Сказали ему: «Будь проклят!
Чашу испей до дна!
И песня твоя чужда нам,
И правда твоя не нужна!»
Иосиф Джугашвили-Сталин
Усатый человек в шинели, фуражке и мягких сапогах по-хозяйски опустился на кожаное сиденье.
— Поехали.
— Слушаюсь. — Шофер включил скорость, отпустил сцепление, прибавил газу — и «Роллс-Ройс 40/50» «Серебряный призрак», шурша покрышками, с рёвом покатил по мостовым.
Вокруг кипела жизнь большого шумного города. Под колёсный лязг светились изнутри трамваи, орали галки на кремлёвской стене, трудяга-пароходик тащился по Москве-реке, дымил по-чёрному, разводил волну. В сквере у Большого театра гудела толпа, юркие таксомоторы брызгали лучами фар, резко, по-звериному, рявкали клаксонами. Мальчишки-газетчики выкрикивали несусветную чушь, а в вышине, в синем вечернем небе, яркие прожектора высвечивали транспарант: «Ты подписался на рабочий кредит?»

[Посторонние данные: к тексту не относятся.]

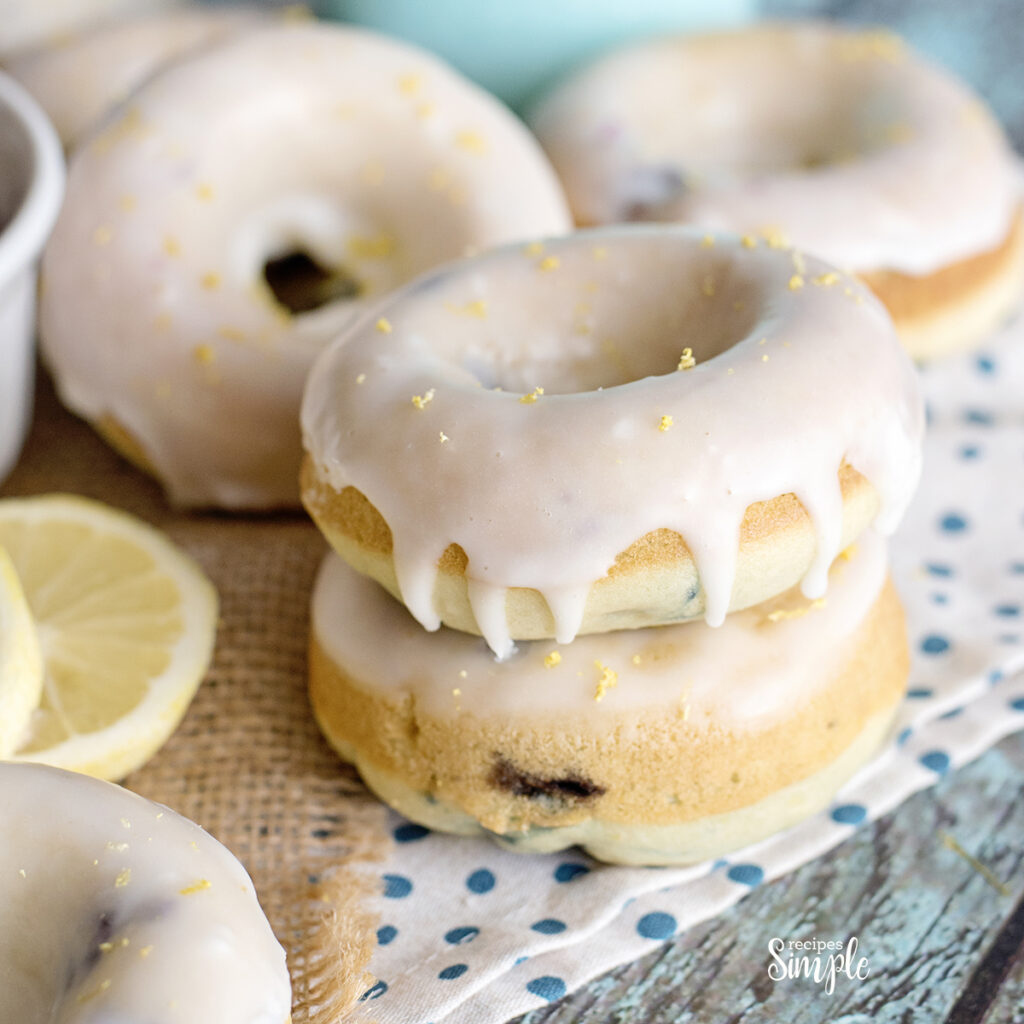 Lemon Blueberry Glazed Donuts stacked on white and blue dot napkin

Если кто и подписался, то явно не скучающие личности в длинных пиджаках, мятых брюках колоколом и массивных, словно конские копыта, башмаках. Личности, размахивая тросточками, бродили вдоль пылающих витрин, разглядывая товары и встречных женщин. На них бросали оценивающие взгляды молодые, стриженные под полубокс люди с быстрыми глазами и умелыми ловкими пальцами, их беспокойные ноги в штиблетах на резиновом ходу ступали бесшумно и легко. Проститутки в ожидании работы томились на боевых постах, привычно зазывали клиентов, покручивали доступными, в модных шёлковых шароварах задами. Воздух наполняли рёв моторов, ржание лошадей, запах пота, «Шипра» и туалетной воды «Пролетарка», дым от папирос «Авангард», громкий мат, свист милиционеров и призывно-чувственные звуки танго, доносящиеся из дверей ресторанов. Новая экономическая политика была в самом разгаре.

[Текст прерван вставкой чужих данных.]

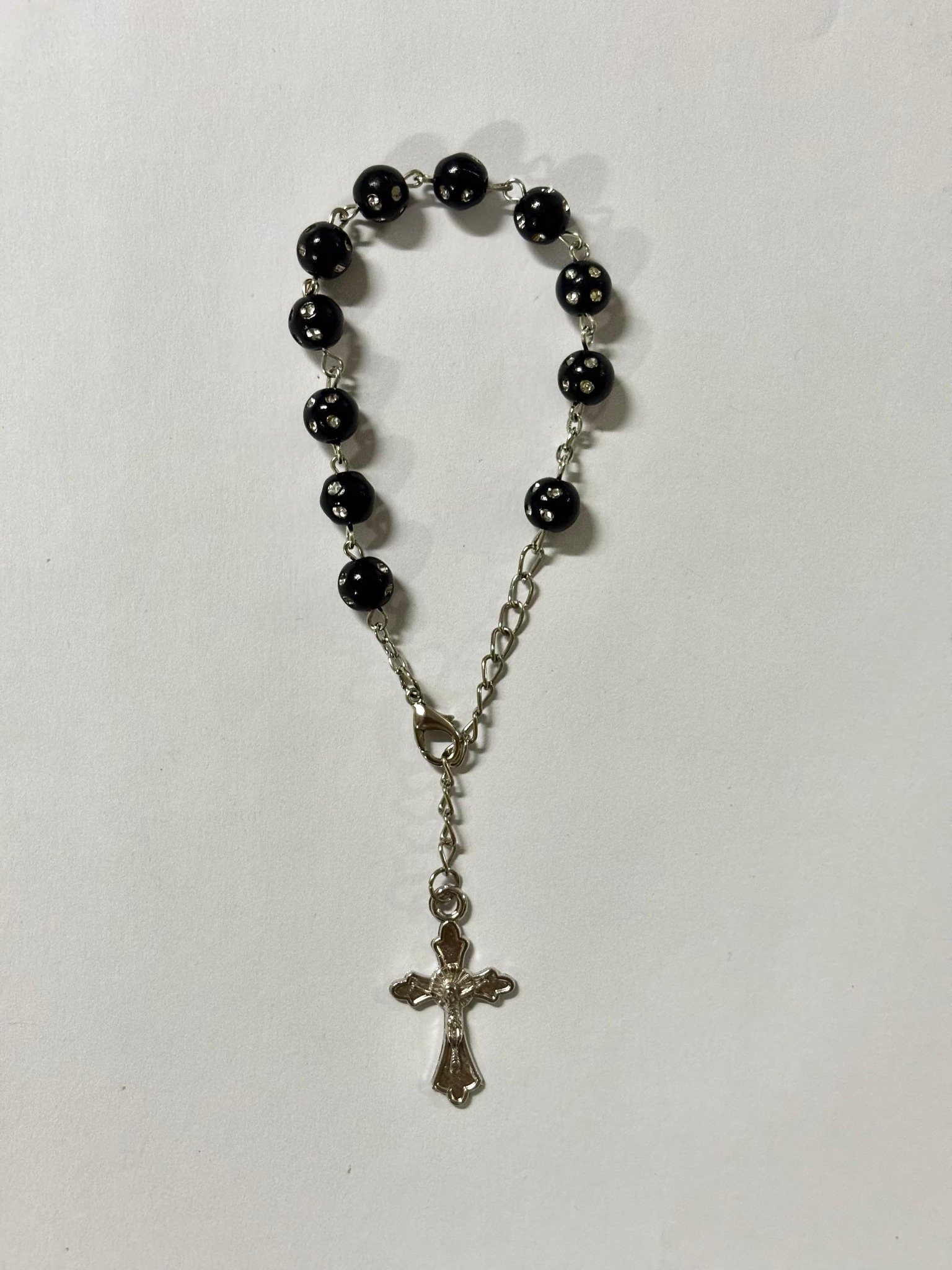 Black bead rosary bracelet with silver-tone crucifix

«Давайте веселитесь, давайте. — Усатый человек с презрением отвернулся от окна и, вытащив пачку „Герцеговины“,[6] решительно, с одной спички, закурил. — Недолго вам всем осталось, недолго…» Потрошить папиросы и раскуривать трубку он не стал — не до того, нет ни настроения, ни времени. Действительно, «Роллс-Ройс» скоро вынырнул из шумной суеты и покатил по неприметному, утопающему в зелени проулку, фигурка Эмили[7] на его массивном радиаторе оделась в белый невесомый шлейф — тополиный пух был повсюду.